Suppose $g \in GL(n,q)$ is diagonalizable over $\mathbb{F}_q$, with eigenvalues $\lambda_1, \dots, \lambda_k$ having multiplicities $r_1,r_2,\dots,r_k$ respectively (the $\lambda_i$s are all distinct). Note that $\sum_{i=1}^k r_i = n$.

Then, the centralizer of the diagonal representative of this conjugacy class is isomorphic to:

$GL(r_1,q) \times GL(r_2,q) \times GL(r_3,q) \times \dots \times GL(r_k,q)$

In fact, if the diagonal entries are arranged so that all the $\lambda_1$s occur first, then the $\lambda_2$s, and so on, then the centralizer is the set of invertible block diagonal matrices with blocks of sizes $r_1, r_2, \dots, r_k$.

The size of the conjugacy class is thus:

$\frac{|GL(n,q)|}{\prod_{i=1}^k |GL(r_i,q)|}$

This is the same as the $q$-analogue of the multinomial coefficient:

$\binom{n}{r_1,r_2,\dots,r_k}_q$

In all cases, this simplifies to a polynomial in $q$, and its degree is $q^{n^2 - \sum_{i=1}^k r_i^2}$.

Some particular cases for the partition of $n$ as a sum of $r_i$s, and the corresponding sizes, are given below.

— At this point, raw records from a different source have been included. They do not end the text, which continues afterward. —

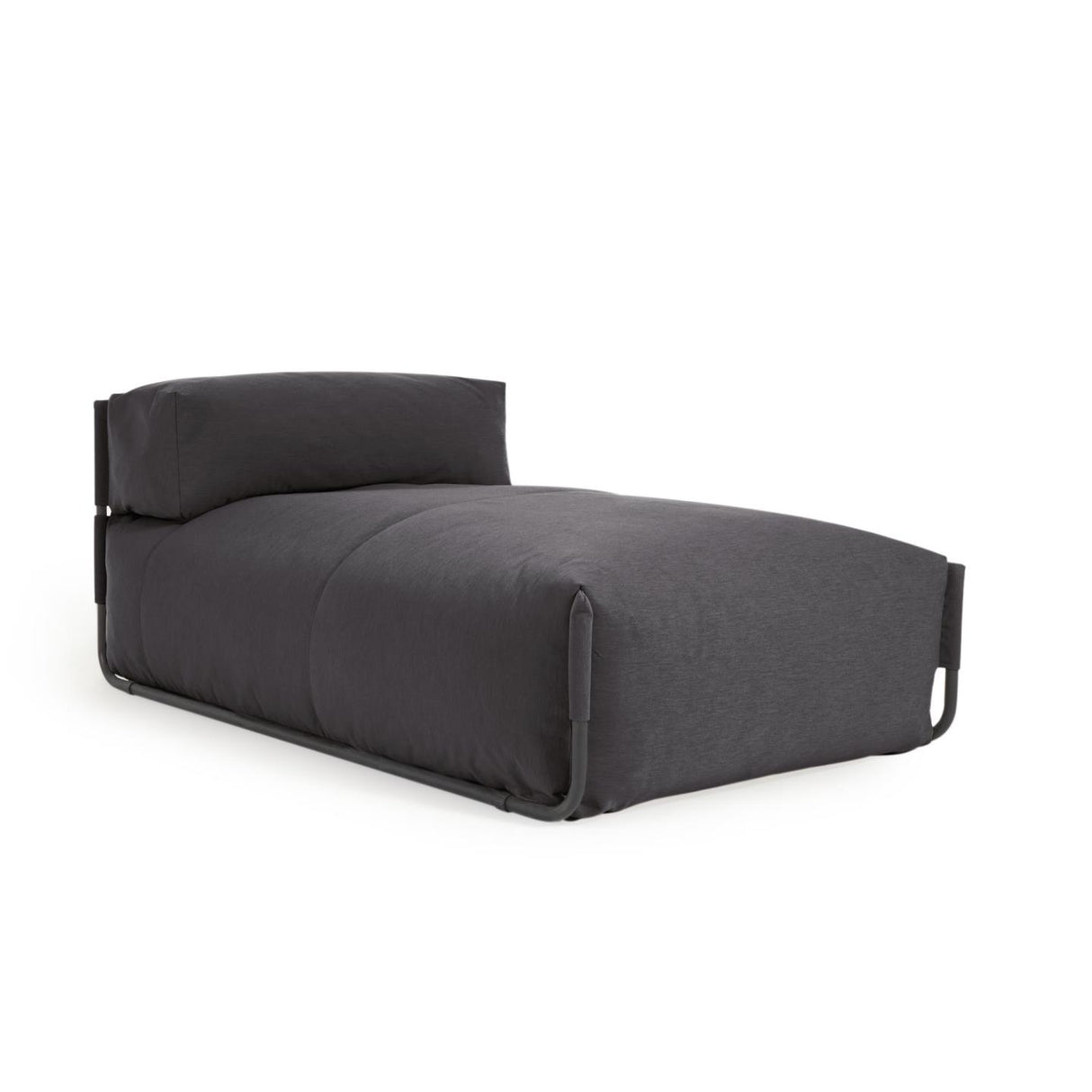 Square Puff Modularsofa longue 100%outdoor m. Rückenlehne dunkelgrau Alu schwarz 165x101cm - ZEN ZONE Furniture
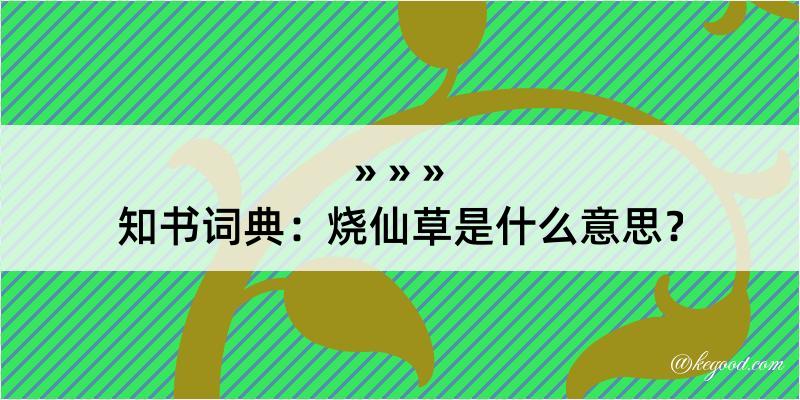 知书词典：烧仙草是什么意思？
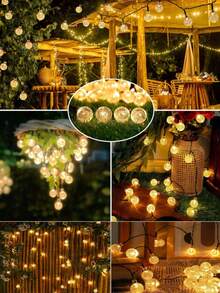 [Solar LED String Lights] Solar Powered LED String Lights, 20 LED Beads, 196.85" Bubble Globe Fairy Lights, Outdoor, For Garden Patio Decor, With Solar Battery Nickel Technology - Solar Bubble Ball - View 5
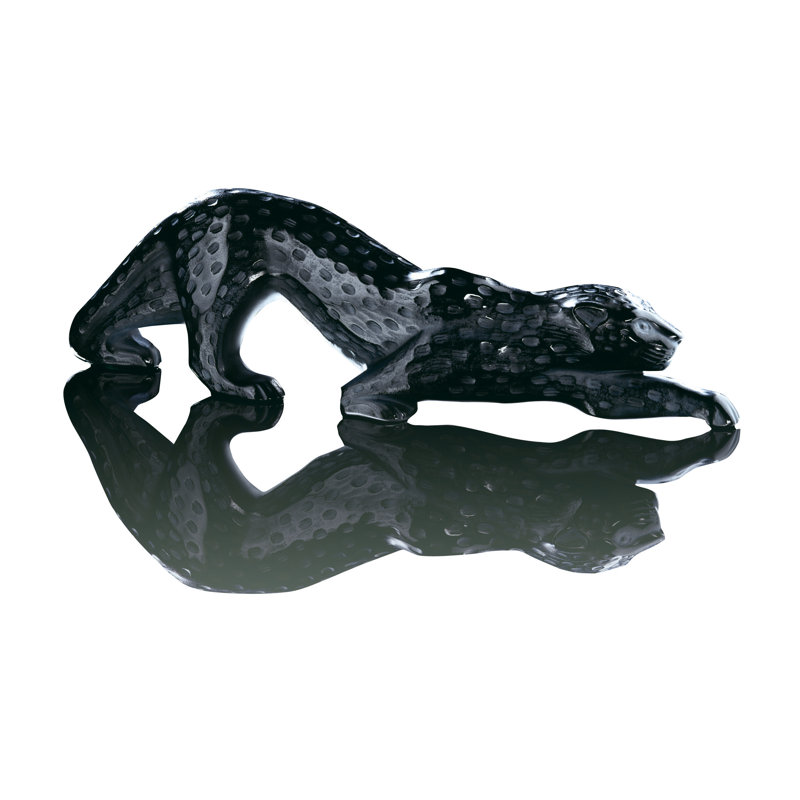 Zeila Panther Figurine, Black, 4.33" H x 14.37" W x 2.95" D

$n$ Partition of $n$ Size of $|GL(n,q)|$ Size of centralizer of diagonal element Degree of polynomial giving size Size of conjugacy class Degree of polynomial giving size
1 1 $q - 1$ $q - 1$ 1 1 0
2 2 $(q^2 - 1)(q^2 - q)$ $(q^2 - 1)(q^2 - q)$ 4 1 0
2 1 + 1 $(q^2 - 1)(q^2 - q)$ $(q - 1)^2$ 2 $q(q + 1)$ 2
3 3 $(q^3 - 1)(q^3 - q)(q^3 - q^2)$ $(q^3 - 1)(q^3 - q)(q^3 - q^2)$ 9 1 0
3 2 + 1 $(q^3 - 1)(q^3 - q)(q^3 - q^2)$ $(q^2 - 1)(q^2 - q)(q - 1)$ 5 $q^2(q^2 + q + 1)$ 4
3 1 + 1 + 1 $(q^3 - 1)(q^3 - q)(q^3 - q^2)$ $(q - 1)^3$ 3 $q^3(q^2 + q + 1)(q + 1)$ 6
$n$ $n$ $\prod_{i=0}^{n-1} (q^n - q^i)$ $\prod_{i=0}^{n-1} (q^n - q^i)$ $n^2$ 1 0
$n$ $1 + 1 + \dots + 1$ $\prod_{i=0}^{n-1} (q^n - q^i)$ $(q - 1)^n$ $n$ $q^n(q + 1)(q^2 + q + 1)(q^3 + q^2 + q + 1) \dots (q^{n-2} + q^{n-1} + \dots + q + 1)$ $n(n - 1)$